What you should do: Below is a block of records; return all of them exactly, but without the images.

= = = =

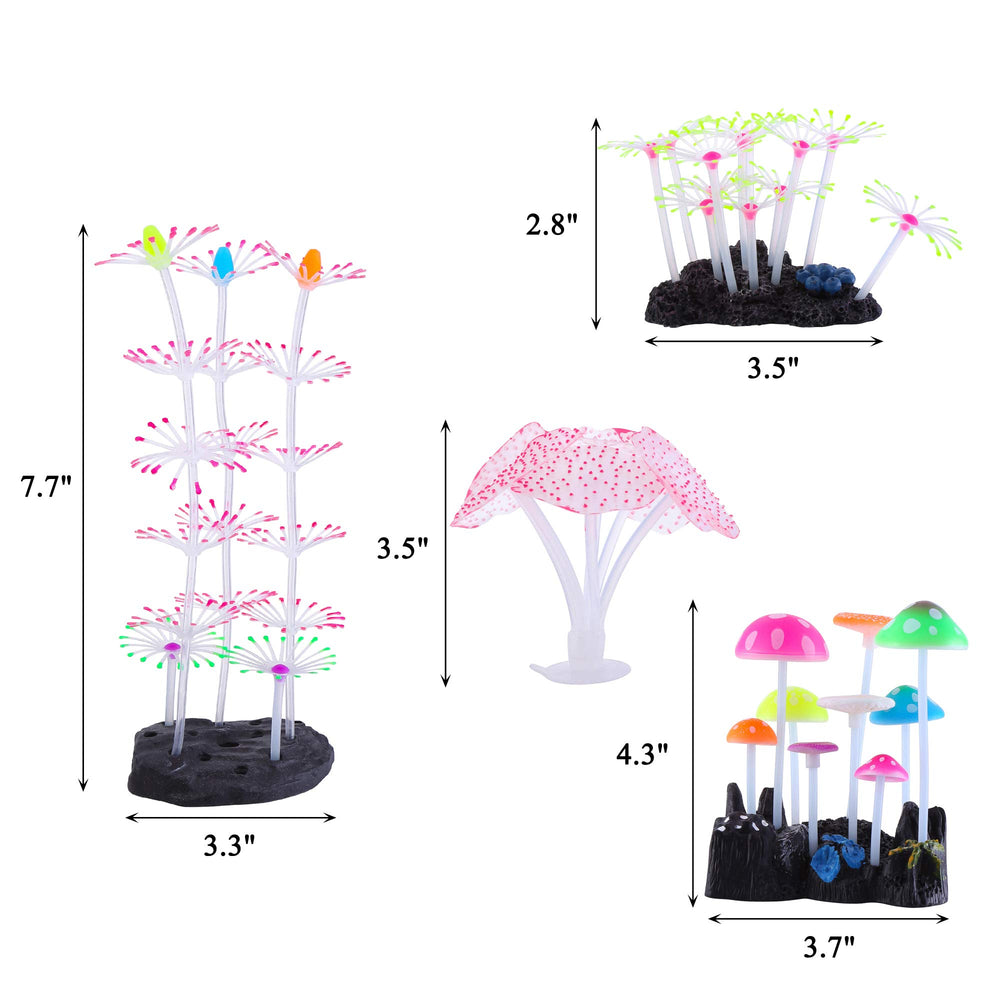 Lpraer mushroom glow ornament adds focal interest mid-water
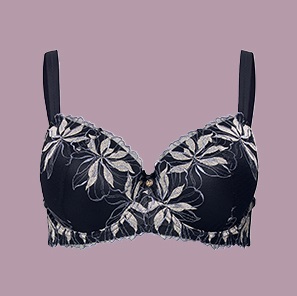 Reggiseno con ferretto, fiori ricamati e coppe morbide, coppa B-F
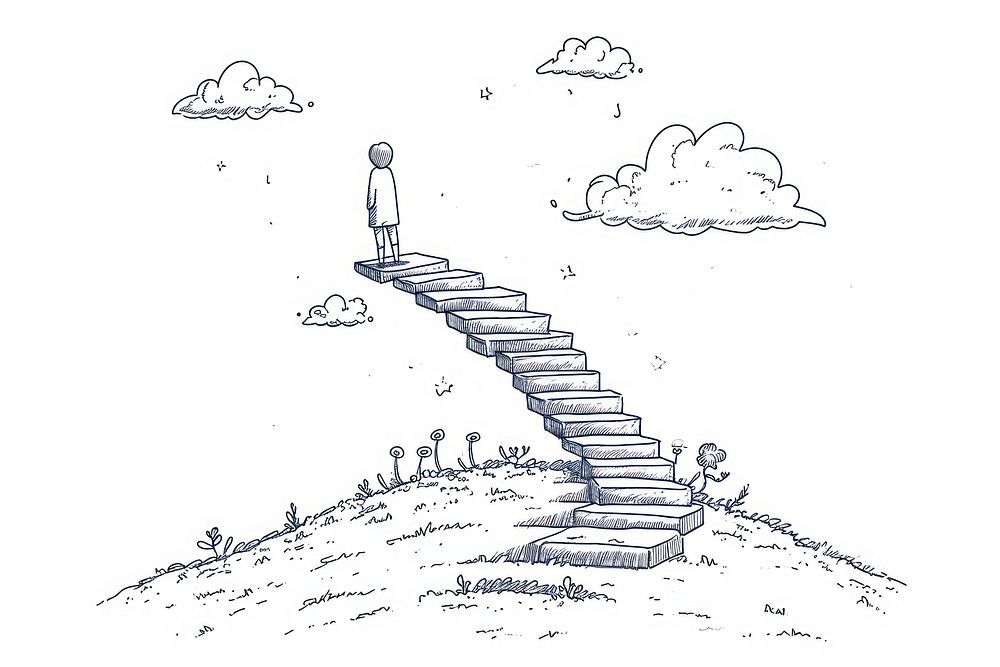 Stairway to heaven drawing architecture staircase.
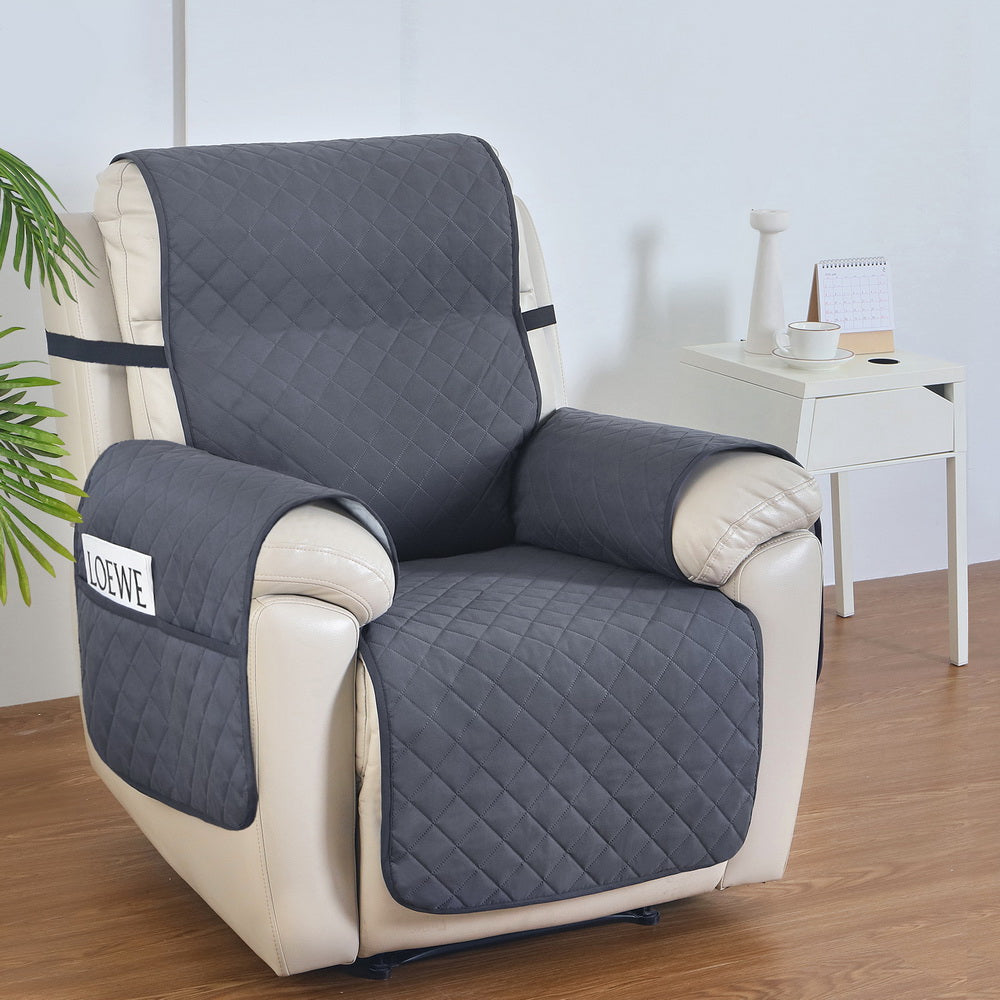 Artiss Recliner Chair Cover 100% Water Resistant Grey RCOVER-PAD-WP-GY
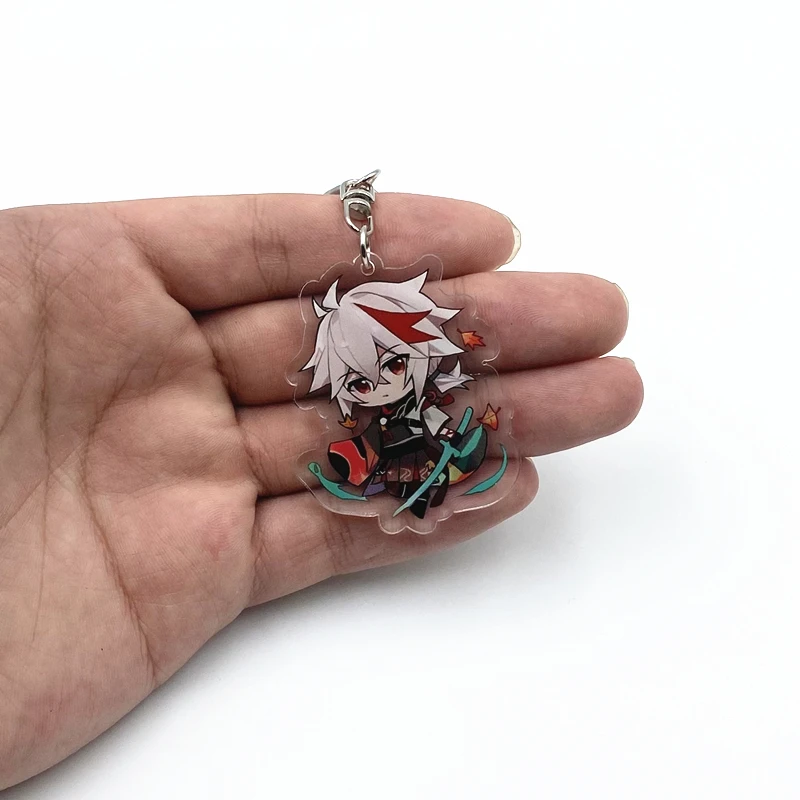 Genshin Impact Raiden Shogun Tartaglia Xiao Keqing Hu Tao Key Chains Two-sided Keychain Cosplay Acrylic Pendant Keyring Prop | Украшения и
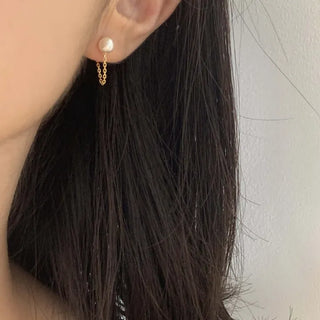 Gold Swarovski Pearl Chain Drop Earrings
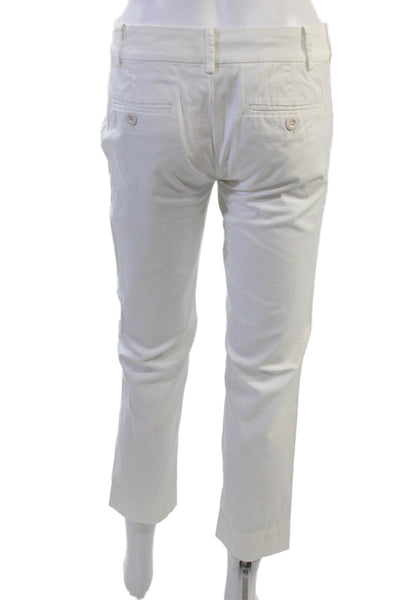 S1/24 Womens Cropped Ankle Chino Pants White Petite Size 0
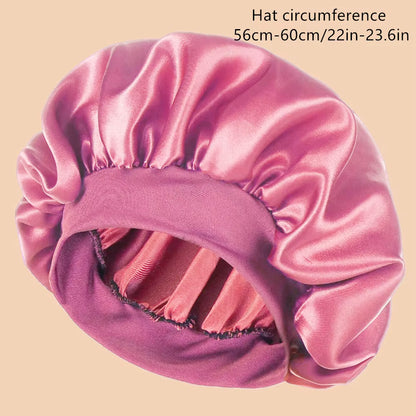 Wide-Brim Satin Sleep Bonnet – Solid Colour Daily Hair Protection Cap (SB02)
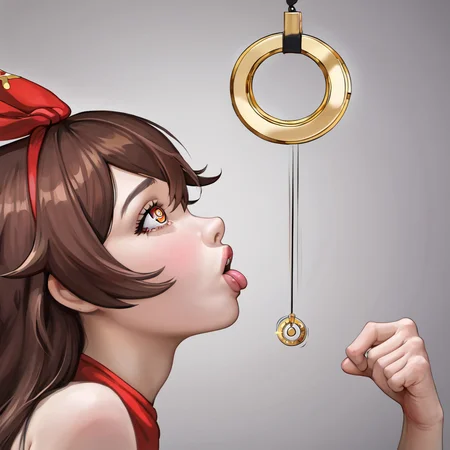 Amber (genshin impact) hypnotized by pendulum, begging to be bred, score_9, 1girl, Amber, Genshin Impact, bimbo, big boobs, bubble butt, brown hair, <lora:StS-Pendulum-Hypnosis-Coin-SDXL-Test-4-UNET-Only:1>, hypnosis, looking at pendulum, photorealistic,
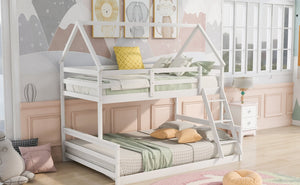 English Elm Twin Over Full House Bunk Bed Solid Pine Frame with Ladder for Kids Bedroom WF287558AAK-1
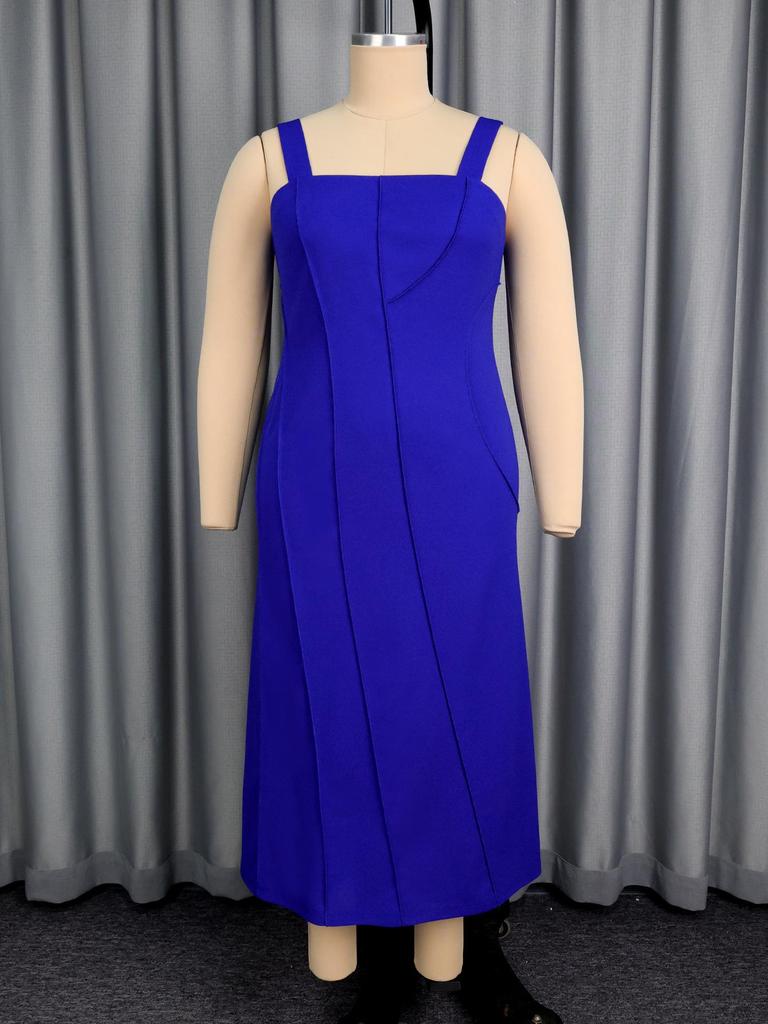 Women's Plus Size Camisole Dress & Jacket Set - Slimming Square Neck, Cinched Waist, Elegant Long Dress for Commuting or Dates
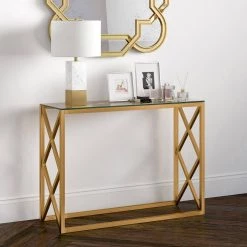Coupon 🎁 Dixon 42 in. Brass Standard Rectangle Glass Console Table by Meyer&Cross 😀 -Outlet Camden Isle Store brass meyer cross console tables at0114 31 1000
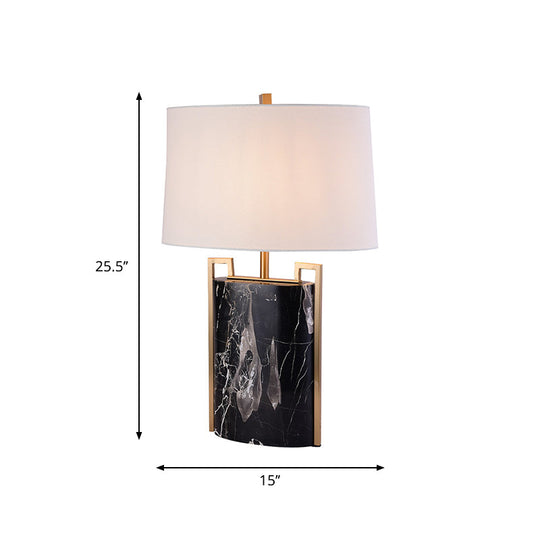 15/18 W Minimalist 1-Light Night Lamp - Black & White Tapered Table Light With Fabric Shade Marble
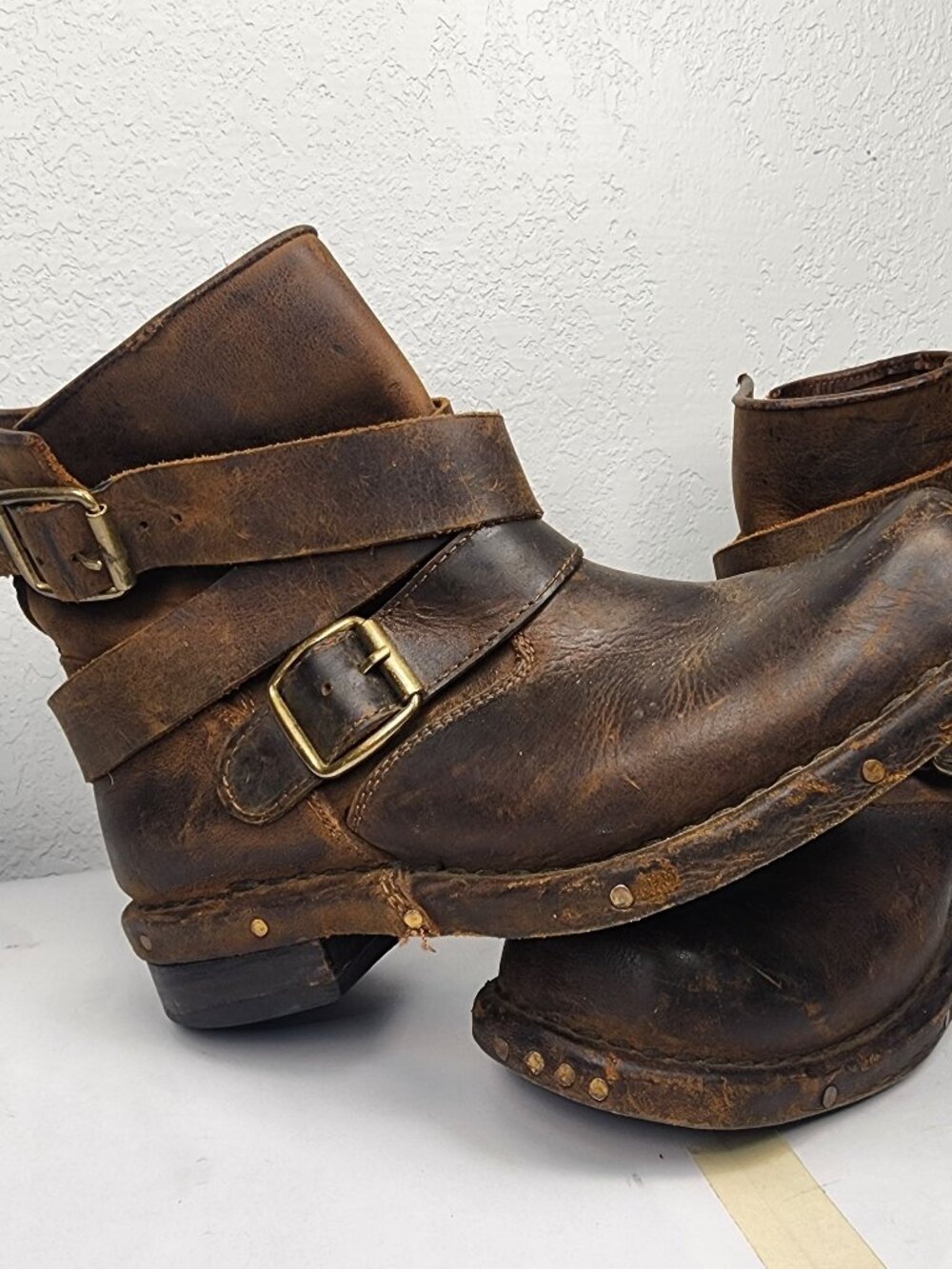 Jeffrey Campbell Women's Size 8 Brit Brown Leather Wraparound Grunge Boots Biker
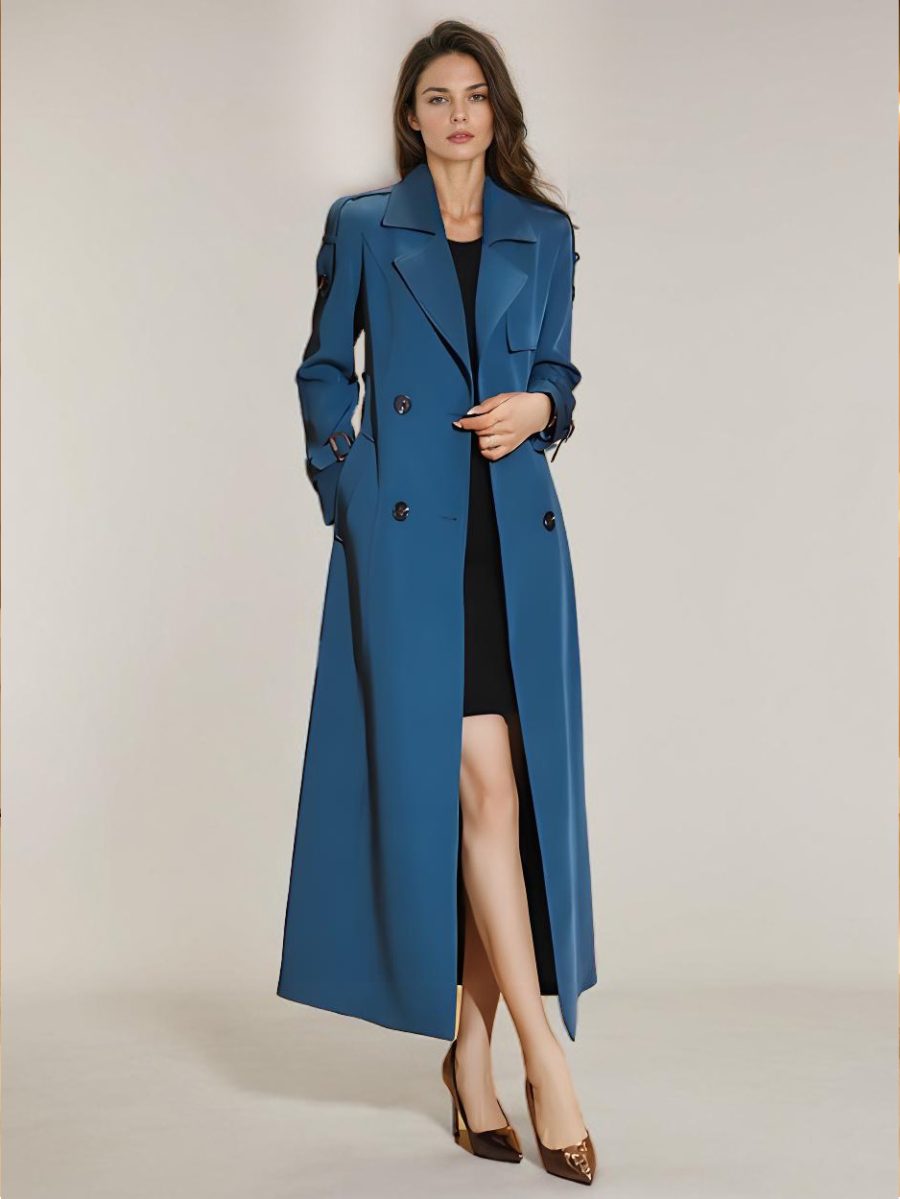 Trench Coat For Women Modern Polyester Turndown Collar Buttons Long Sleeves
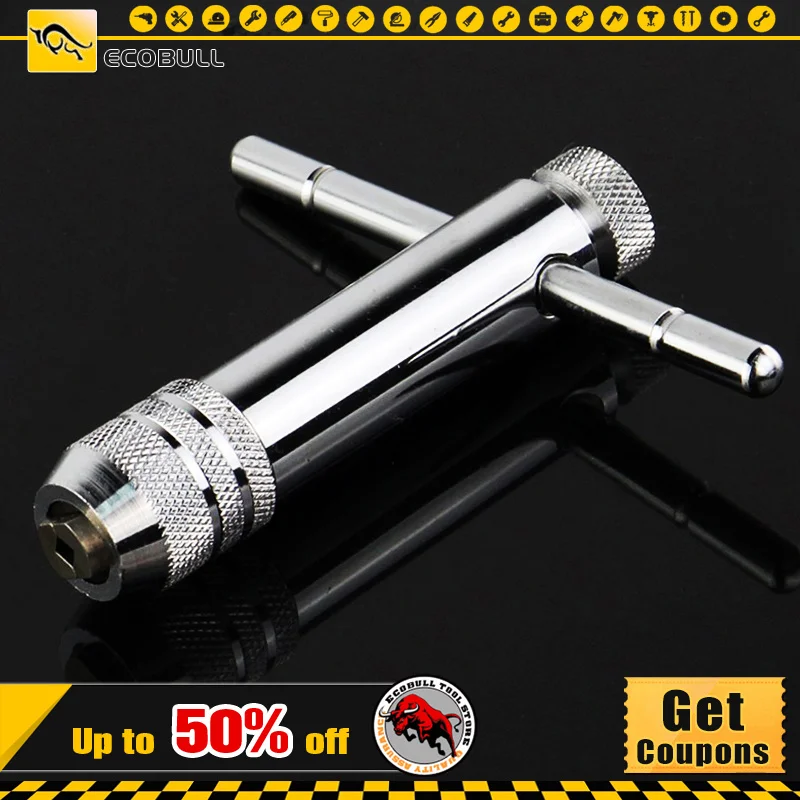 

M5~M12 Ratchet T Tap Wrench Holder Metric Imperial Thread Bolt Screw Tap Drill Bit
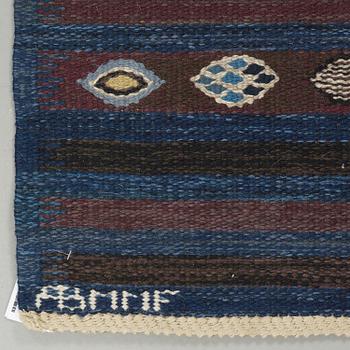 BARBRO NILSSON, carpets, 2 pieces, flat weave, 238,5 x 101 resp. 181,5 x 81 cm, "Blåbär, mörk", signed AB MMF BN.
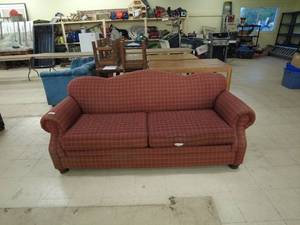 lot 89 image: Red Plaid Upholstered Sofa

= = = =

Written response:
 Lpraer mushroom glow ornament adds focal interest mid-water
 Reggiseno con ferretto, fiori ricamati e coppe morbide, coppa B-F
 Stairway to heaven drawing architecture staircase.
 Artiss Recliner Chair Cover 100% Water Resistant Grey RCOVER-PAD-WP-GY
 Genshin Impact Raiden Shogun Tartaglia Xiao Keqing Hu Tao Key Chains Two-sided Keychain Cosplay Acrylic Pendant Keyring Prop | Украшения и
 Gold Swarovski Pearl Chain Drop Earrings
 S1/24 Womens Cropped Ankle Chino Pants White Petite Size 0
 Wide-Brim Satin Sleep Bonnet – Solid Colour Daily Hair Protection Cap (SB02)
 Amber (genshin impact) hypnotized by pendulum, begging to be bred, score_9, 1girl, Amber, Genshin Impact, bimbo, big boobs, bubble butt, brown hair, <lora:StS-Pendulum-Hypnosis-Coin-SDXL-Test-4-UNET-Only:1>, hypnosis, looking at pendulum, photorealistic,
 English Elm Twin Over Full House Bunk Bed Solid Pine Frame with Ladder for Kids Bedroom WF287558AAK-1
 Women's Plus Size Camisole Dress & Jacket Set - Slimming Square Neck, Cinched Waist, Elegant Long Dress for Commuting or Dates
Coupon 🎁 Dixon 42 in. Brass Standard Rectangle Glass Console Table by Meyer&Cross 😀 -Outlet Camden Isle Store brass meyer cross console tables at0114 31 1000
 15/18 W Minimalist 1-Light Night Lamp - Black & White Tapered Table Light With Fabric Shade Marble
 Jeffrey Campbell Women's Size 8 Brit Brown Leather Wraparound Grunge Boots Biker
 Trench Coat For Women Modern Polyester Turndown Collar Buttons Long Sleeves

M5~M12 Ratchet T Tap Wrench Holder Metric Imperial Thread Bolt Screw Tap Drill Bit
 BARBRO NILSSON, carpets, 2 pieces, flat weave, 238,5 x 101 resp. 181,5 x 81 cm, "Blåbär, mörk", signed AB MMF BN.
 lot 89 image: Red Plaid Upholstered Sofa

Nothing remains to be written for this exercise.